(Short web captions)
::::

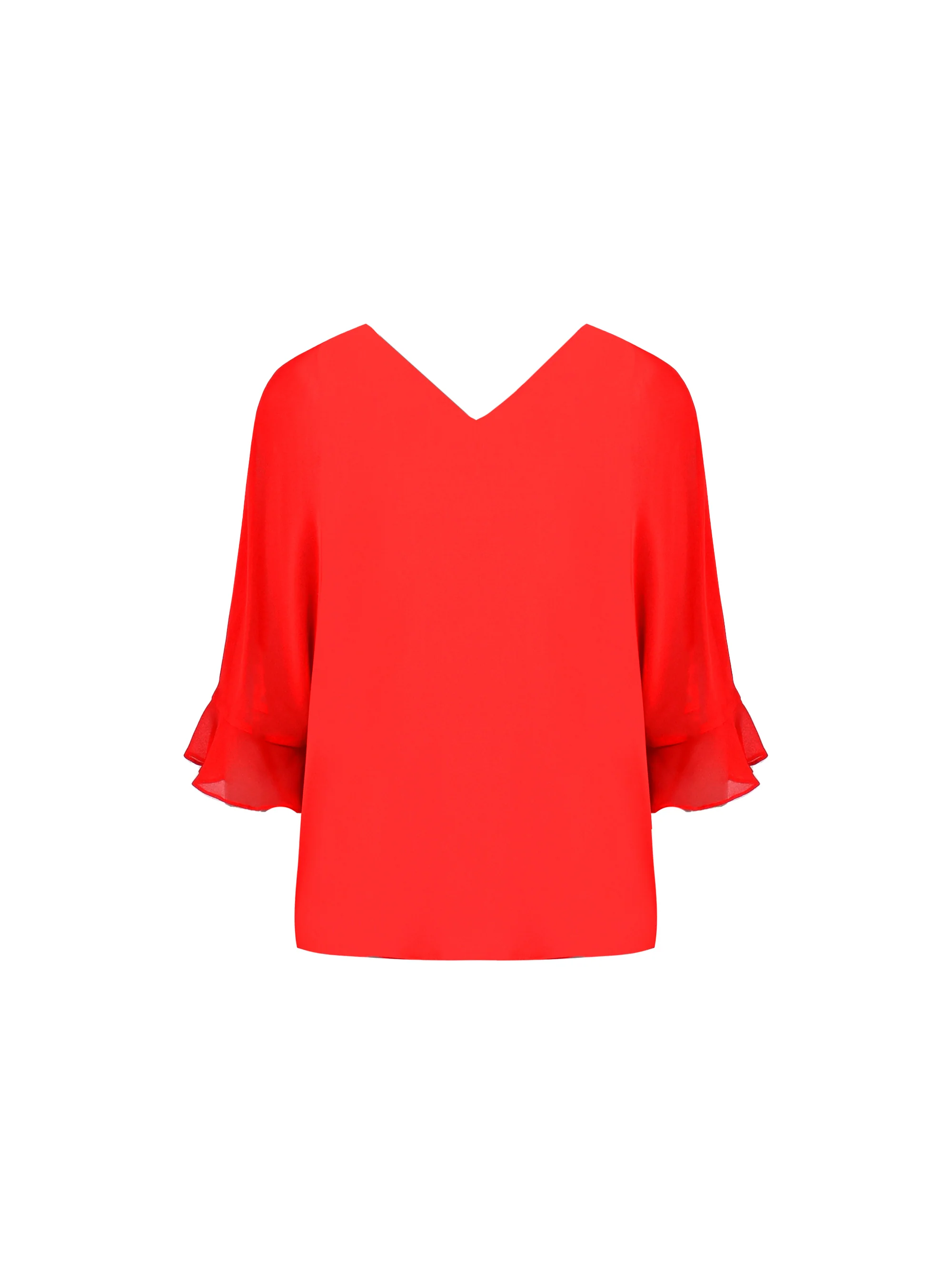 Red Flute Sleeve Overlay Top - Image 4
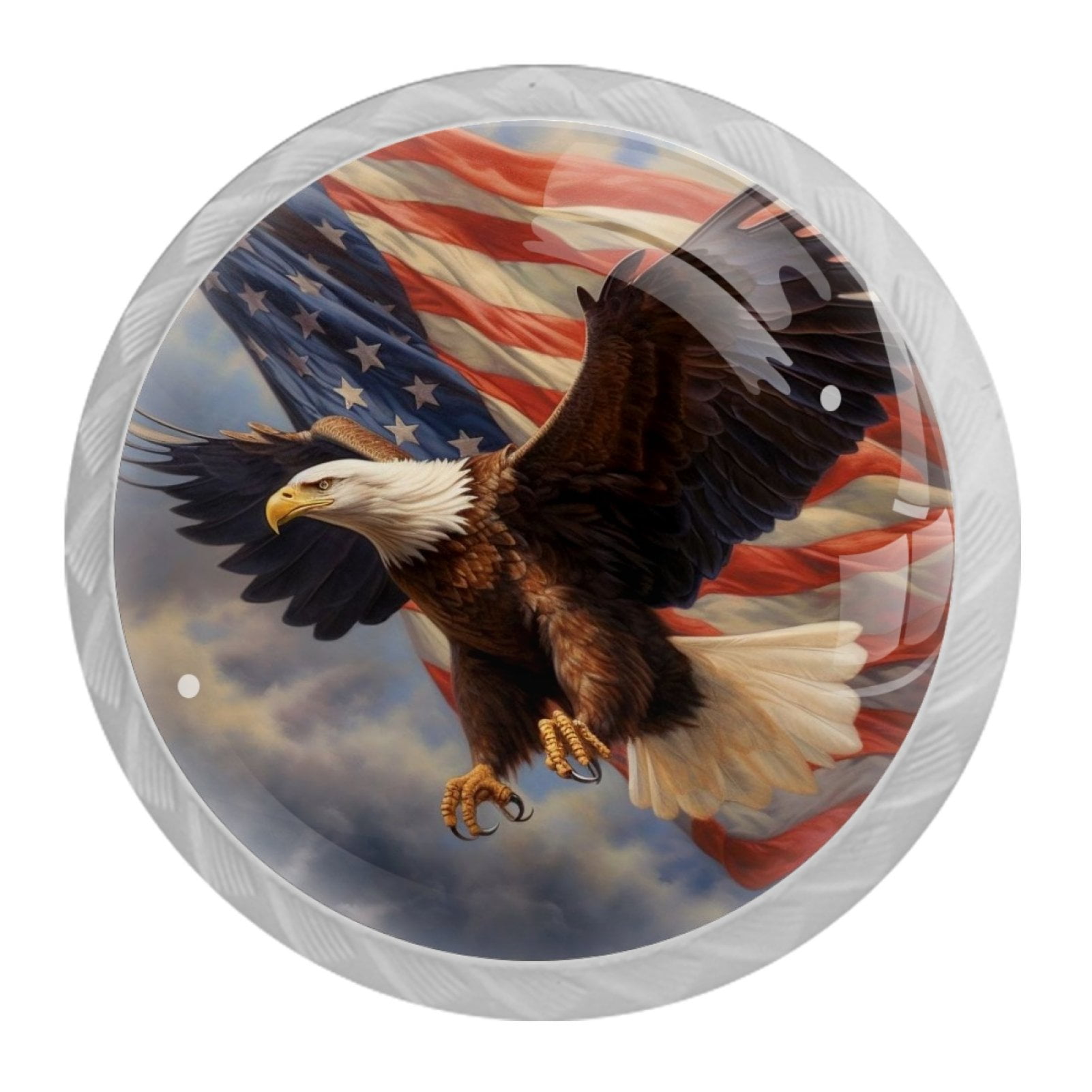4 Pcs Eagle and American Flag Knobs for Kitchen Cabinet Cupboard Dresser Bookcase Drawer Pulls Handles Round Home Decor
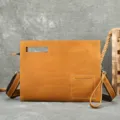 Vintage Bruin Lederen Heren Schoudertas Casual Messenger Tas Handtas Stijl Retro. - Geelbruin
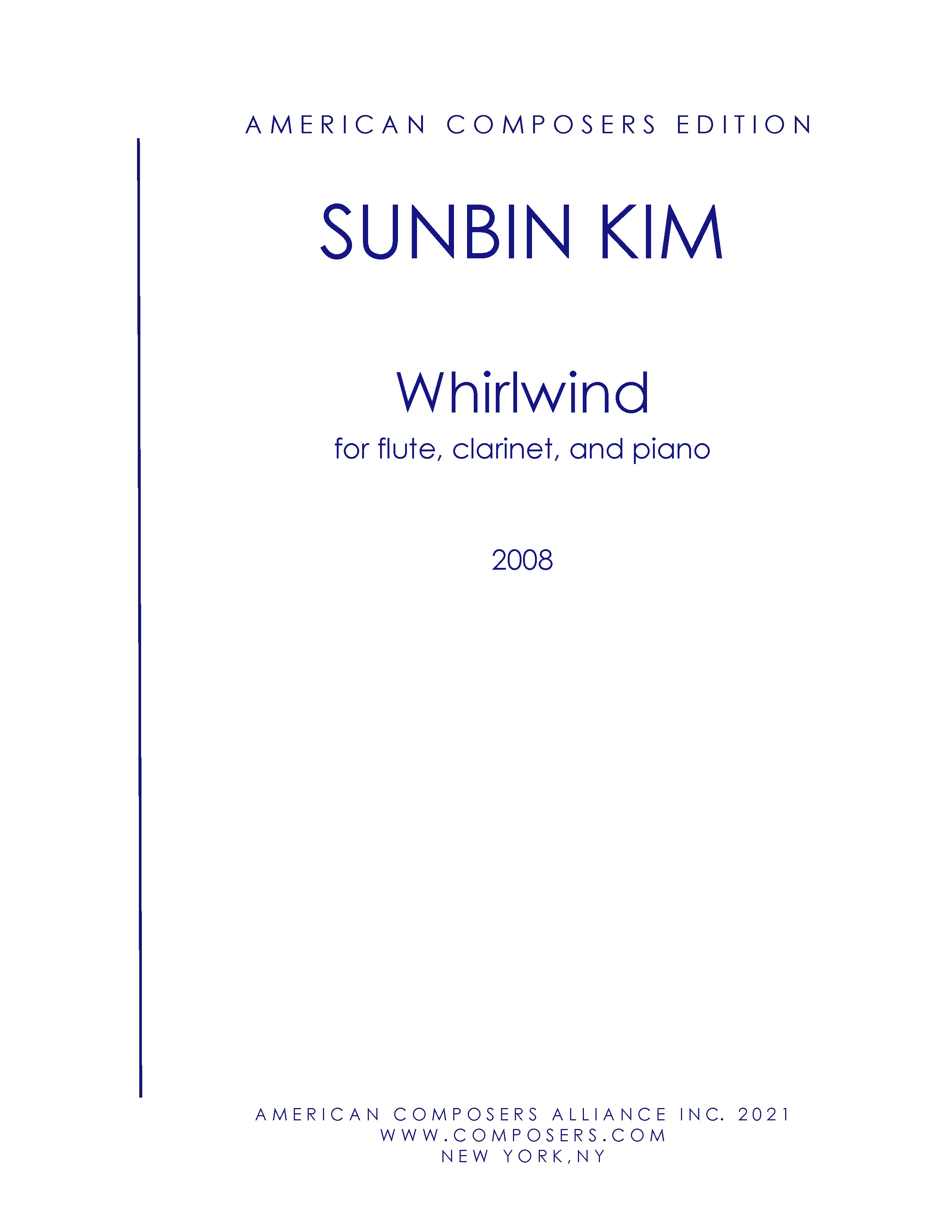 Whirlwind : For Flute, Clarinet and Piano (2008).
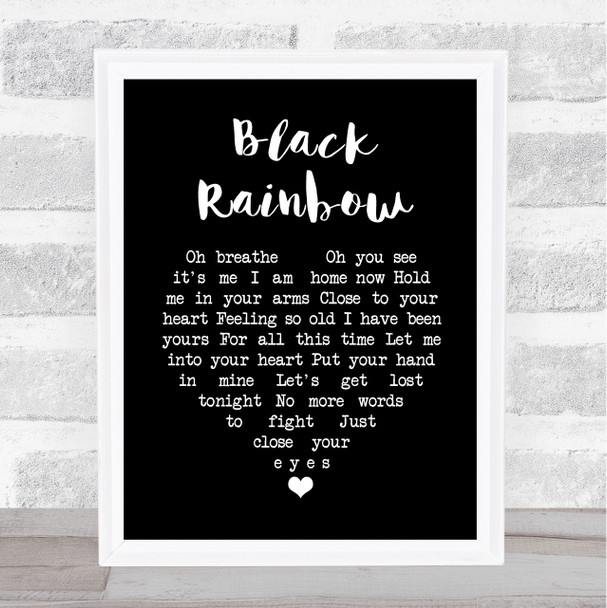 Raffertie Black Rainbow Black Heart Song Lyric Quote Music Print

::::

How to complete this task =
Output exactly the lines from the one that has "4 Pcs Eagle" through the end of the data. Do not include pictures.

Response box =
4 Pcs Eagle and American Flag Knobs for Kitchen Cabinet Cupboard Dresser Bookcase Drawer Pulls Handles Round Home Decor
 Vintage Bruin Lederen Heren Schoudertas Casual Messenger Tas Handtas Stijl Retro. - Geelbruin
 Whirlwind : For Flute, Clarinet and Piano (2008).
 Raffertie Black Rainbow Black Heart Song Lyric Quote Music Print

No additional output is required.